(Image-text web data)

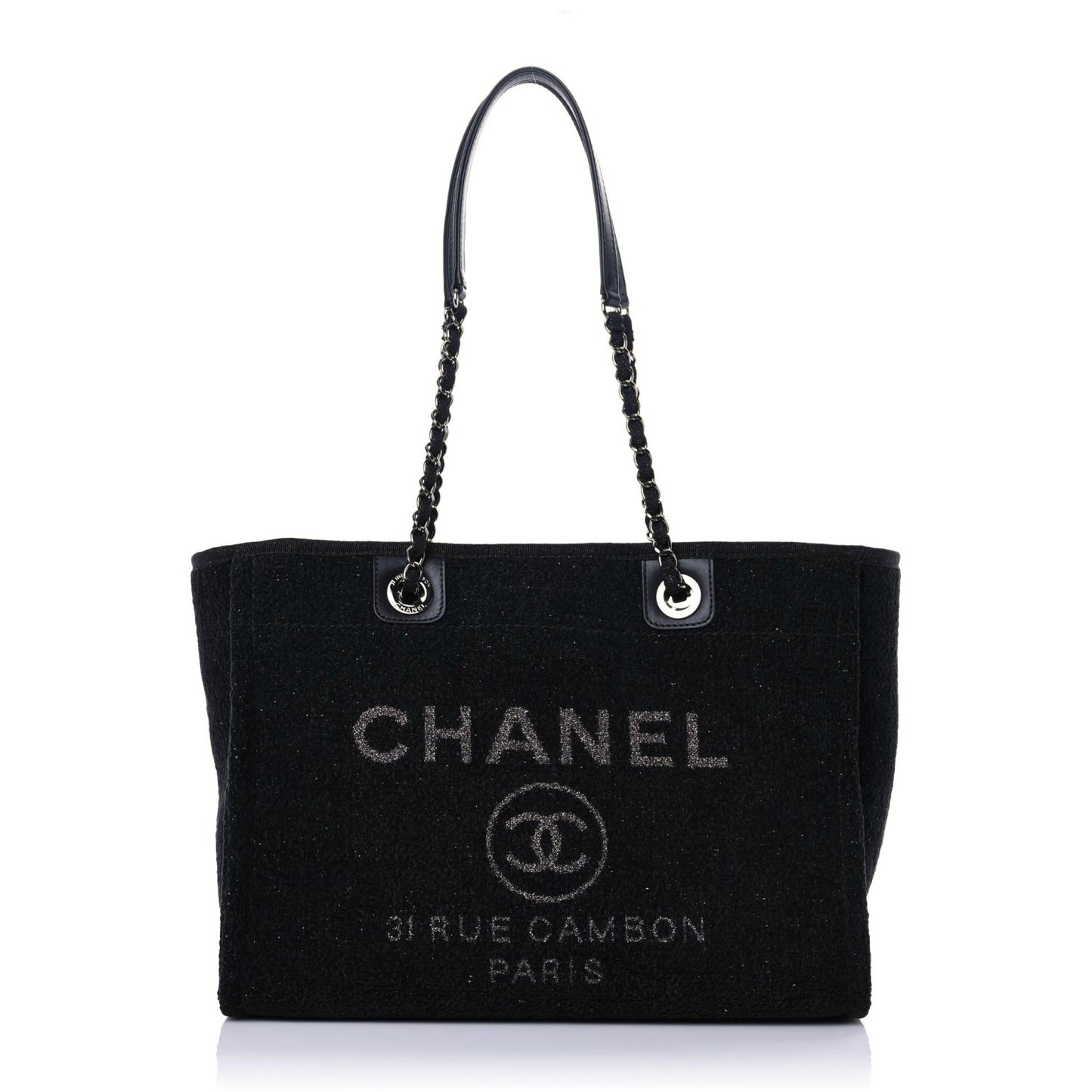Lurex Canvas Small Deauville Tote Black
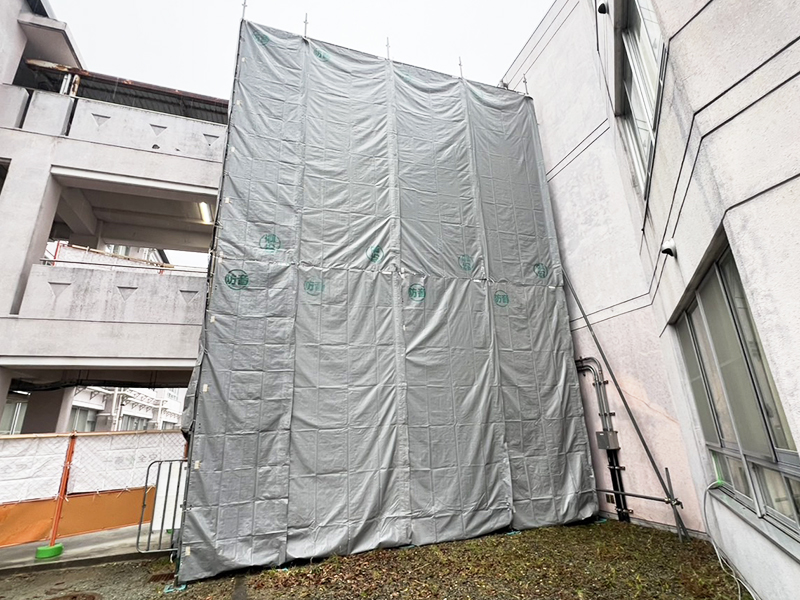 ゆりのき台中学校-外壁塗料アスベスト除去工事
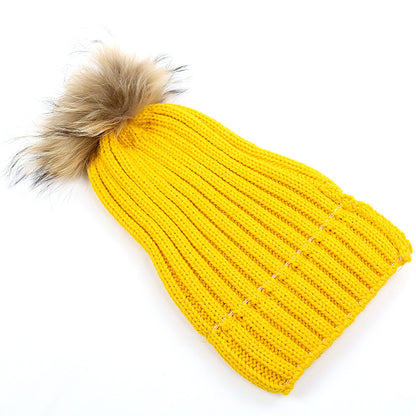 Fur Ball Knitted Hat Warm And Thick Woolen Cap Limorista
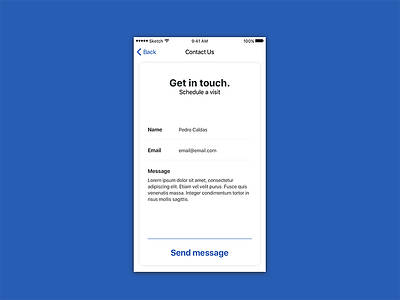 Contact Us challenge contact daily dailyui form mobile ui us ux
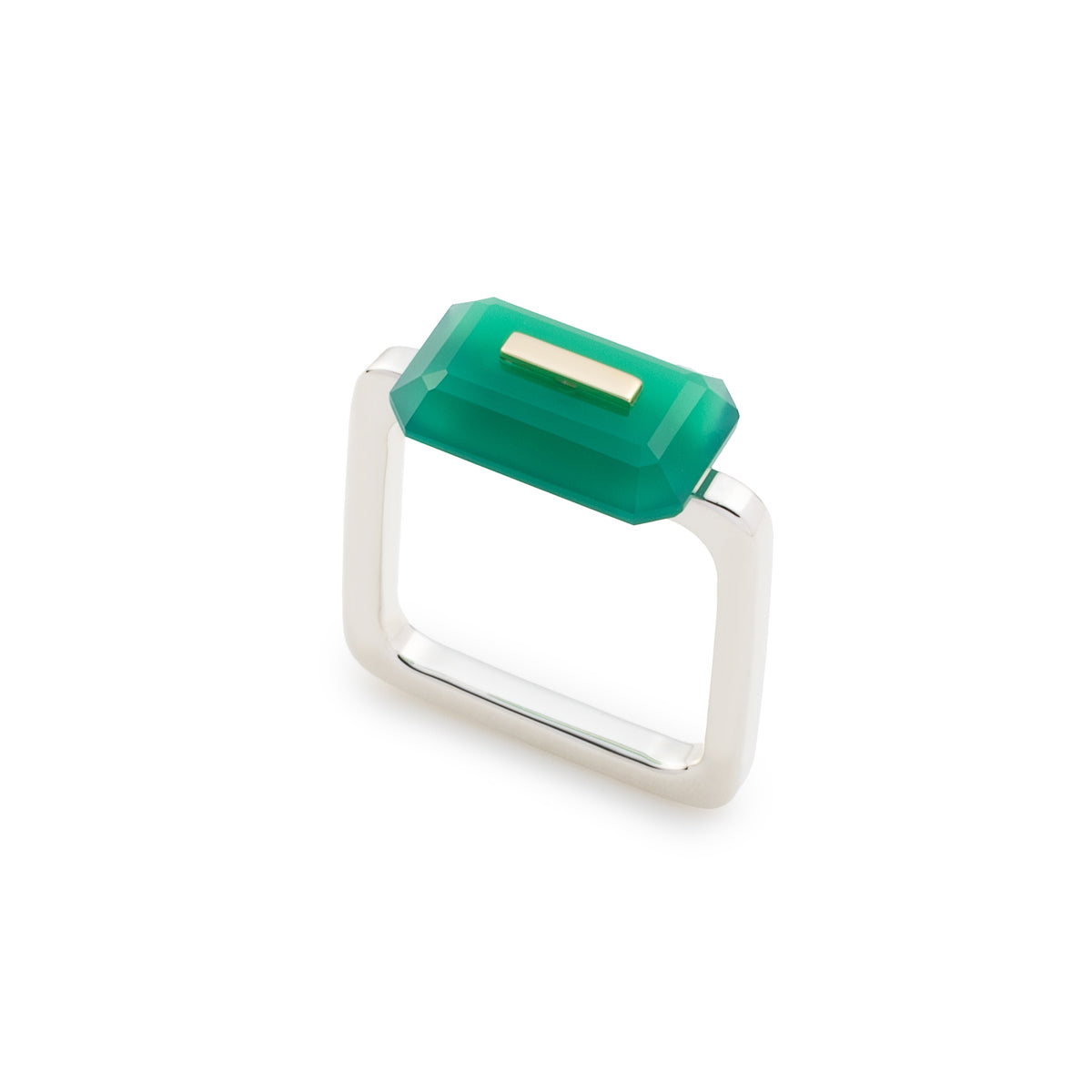 BIRD OF PARADISE Square Ring, Green Agate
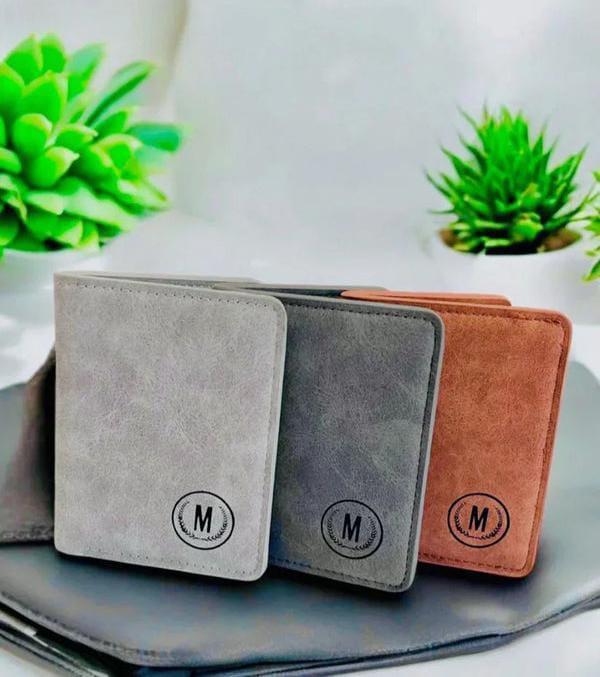 Premium Leather Wallet with Monogrammed 'M' Design
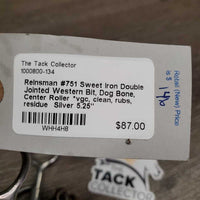 #751 Sweet Iron Double Jointed Western Bit, Dog Bone, Center Roller *vgc, clean, rubs, residue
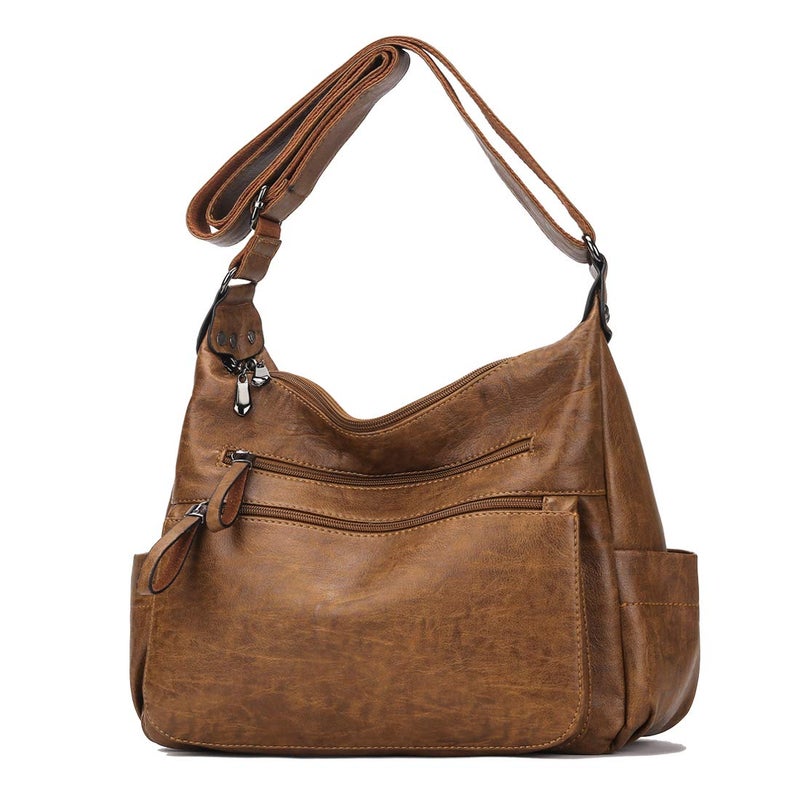 Artwell Fashion Crossbody Bag For Women Shoulder Bag Soft PU Leather Handbags Purses Multi Pocket Hobo Tote Bag (Brown) - Image 1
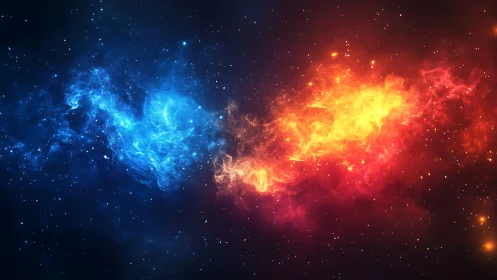 Cosmic clash of blue and orange nebula energy streams.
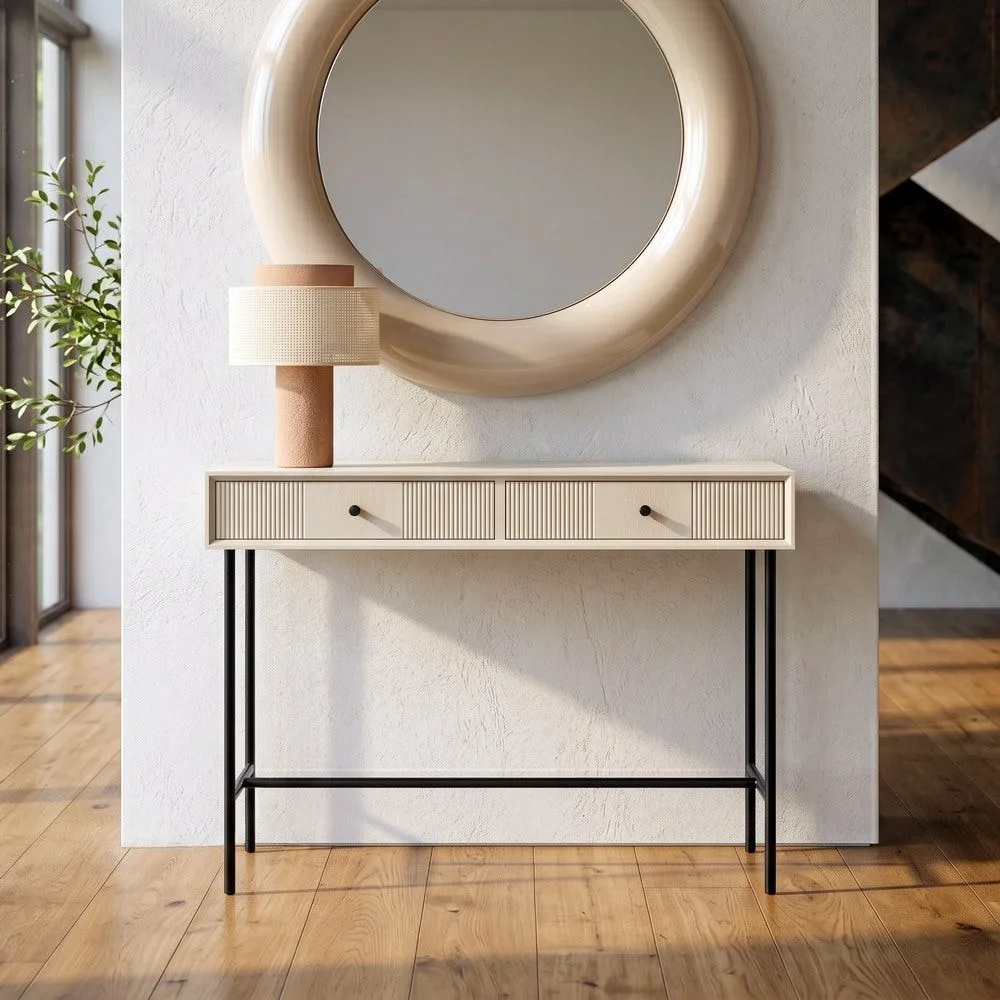 Console crème métal 2 tiroirs Ixia 90 cm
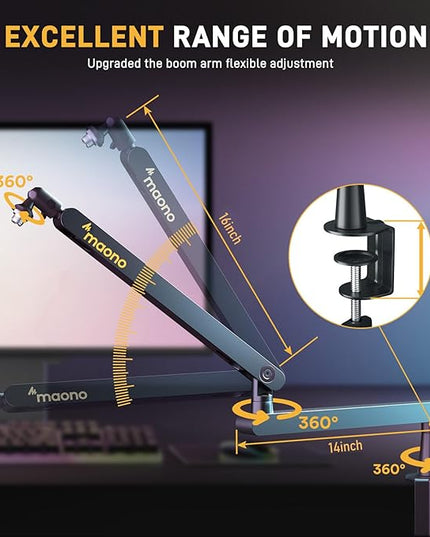 MAONO Microphone Boom Arm, Low Profile Mic Arm with Cable Management Channels, Desk Mount Clamp, Fully Adjustable, Heavy Duty Mic Stand for Podcast Studio Streaming (BA92 Black)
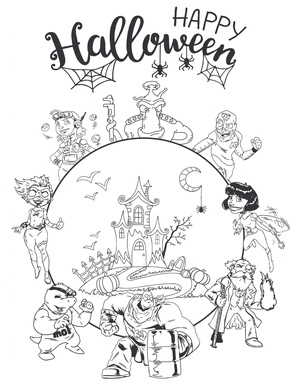 Happy Halloween Cartoon Coloring Page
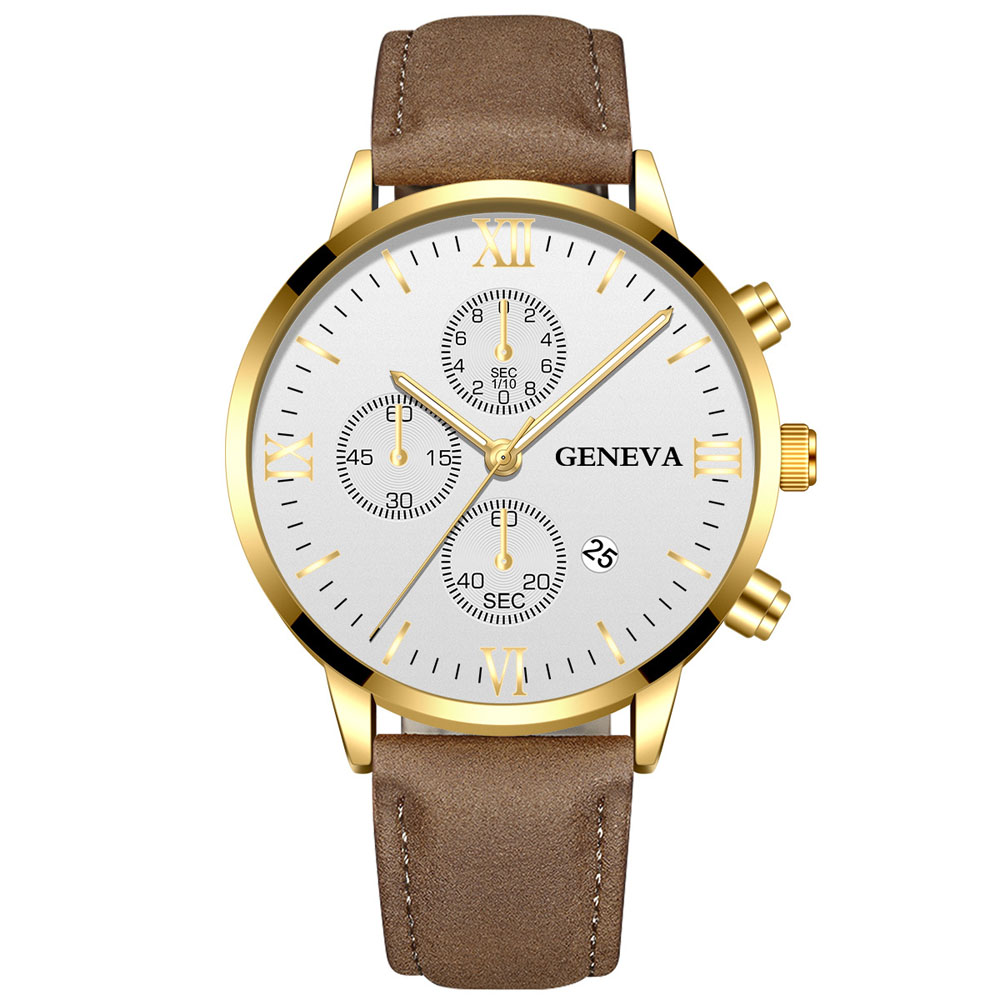 ジュネーブファッション男性日付合金ケース合成皮革アナログクォ - Luxury Watch Top 10 のレビューと価格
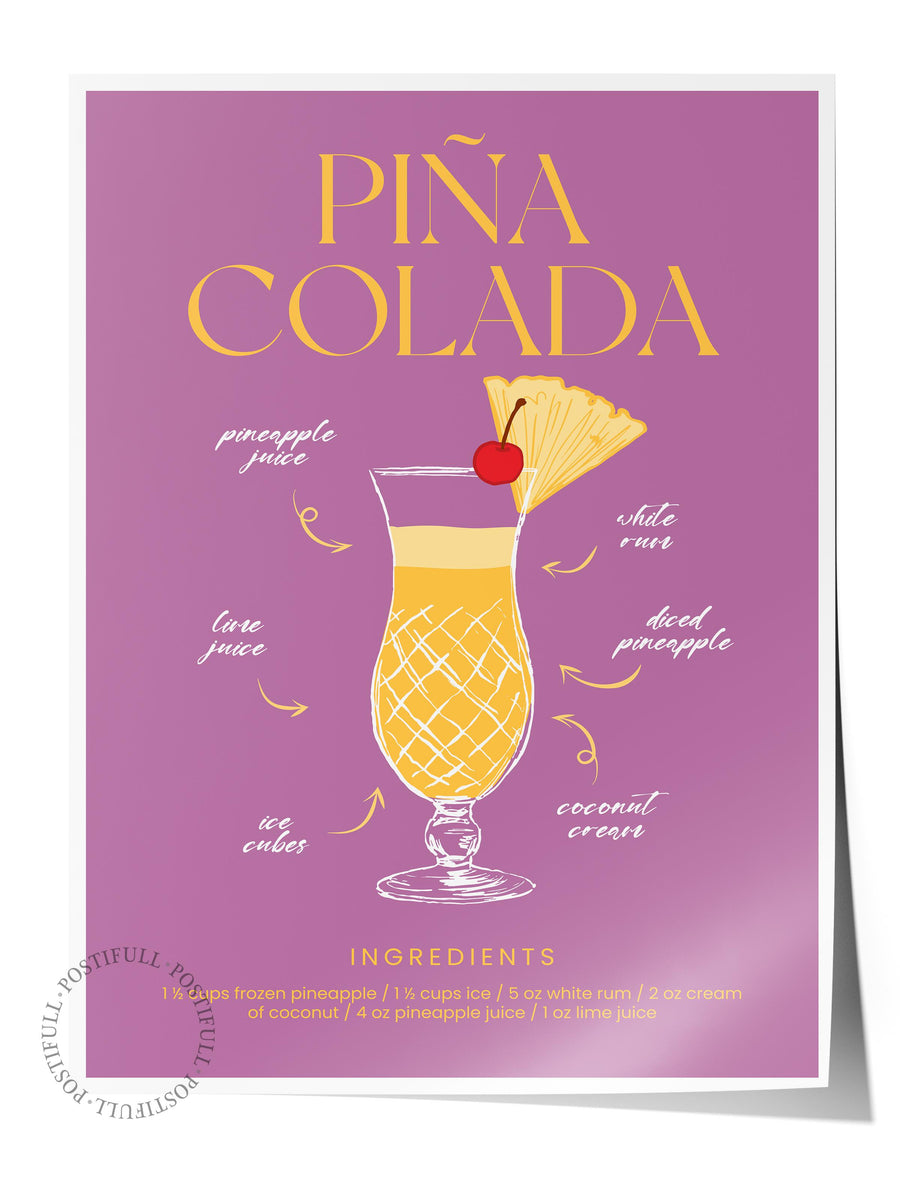 PIÑA COLADA Mutfak Temalı Çerçevesiz Poster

• _Exercise_: In the entries above, find the line containing "MAONO Microphone Boom", then please retype it and every line after it through the last, exactly as written, omitting pictures.

• _The answer_:
 MAONO Microphone Boom Arm, Low Profile Mic Arm with Cable Management Channels, Desk Mount Clamp, Fully Adjustable, Heavy Duty Mic Stand for Podcast Studio Streaming (BA92 Black)
 Happy Halloween Cartoon Coloring Page
 ジュネーブファッション男性日付合金ケース合成皮革アナログクォ - Luxury Watch Top 10 のレビューと価格
 PIÑA COLADA Mutfak Temalı Çerçevesiz Poster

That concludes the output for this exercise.